Including the scheme “isbn” in the identifier as well as using the optional opf:scheme attribute allows intelligent reading systems to leverage the ISBN by searching other systems. (1,132 books in Bookworm are courteous in this way.)

URI

Project Gutenberg epubs use a URI. This is a great method for digital-native books with their own steady identifiers. In this case Gutenberg identifiers include the Gutenberg book id:

    <dc:identifier opf:scheme="URI" id="etextno">http://www.gutenberg.org/ebooks/11</dc:identifier>

Like ISBN, these identifiers are stable, and let reading systems do more with the book if they’re able (for example direct users to the canonical information page for that book).

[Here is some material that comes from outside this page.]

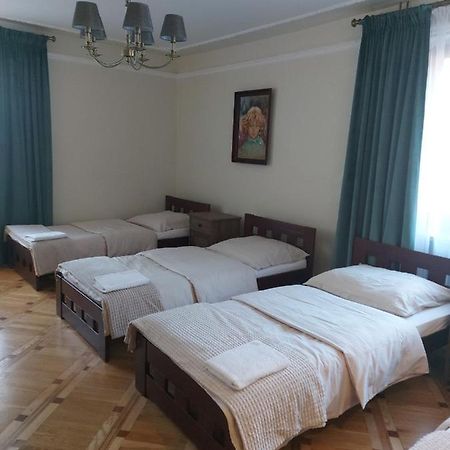 Hostel Luna Minsk Mazowiecki Bagian luar foto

If all publishers had their own websites with a page for every book I’d even prefer URIs to ISBNs for this reason.

939 books on Bookworm are from Gutenberg directly, based on searching for this style of identifier. Only about 100 other books use URIs as identifiers.

UUID

A Universally Unique Identifier solves the “required unique” problem by specifying very large numbers, using a variety of schemes.

It’s trivial to generate a UUID in most programming languages. Here’s Python:

>>> import uuid
>>> uuid.uuid4()
UUID('58dce2ac-7aec-45c3-a6de-903a30061545')

Wikipedia lists UUID implementations in other programming languages. You can even just go to a UUID-generating web site. These days, if Bookworm gets an epub with no identifier, it generates a UUID.

UUID provides the least useful information of the three identifier types, but, as Wikipedia points out, “One’s annual risk of being hit by a meteorite is estimated to be one chance in 17 billion […], equivalent to the odds of creating a few tens of trillions of UUIDs in a year and having one duplicate.” So at least it’s unique.

Tags:

4 Responses to “What’s in an identifier?”

  1. Dave Cramer

    Note that there can be many dc:identifier elements in a single ePub, but only one can be the unique identifier. This must be specified on the package element itself:

    <package unique-identifier="bob"…

    Then the dc:identifier with id="bob" becomes the unique identifier.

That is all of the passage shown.